[REQUIREMENT]:
Using the material below, print the line that contains "Weihnachten Berner Hunde (Insitu)", the line that contains "La Maison Des Caps Au Blancnez 펜션 *", and every line in between, exactly and nothing else.

:: SUPPLIED DATA

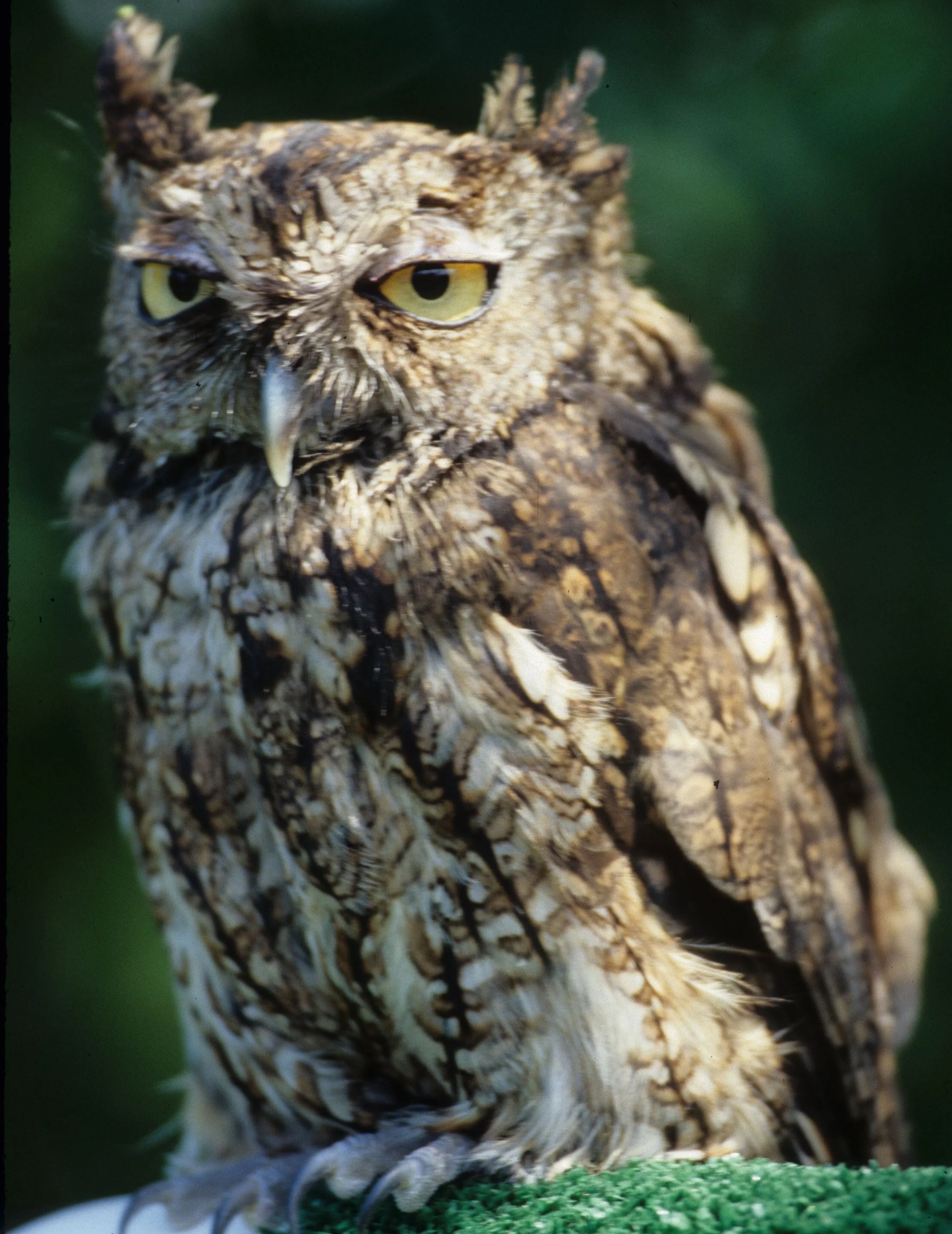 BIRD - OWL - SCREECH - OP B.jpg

::::
:: SUPPLIED DATA

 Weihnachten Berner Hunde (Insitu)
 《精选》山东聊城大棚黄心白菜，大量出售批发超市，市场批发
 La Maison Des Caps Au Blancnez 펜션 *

::::

[RESPONSE TO THE TASK]:
 Weihnachten Berner Hunde (Insitu)
 《精选》山东聊城大棚黄心白菜，大量出售批发超市，市场批发
 La Maison Des Caps Au Blancnez 펜션 *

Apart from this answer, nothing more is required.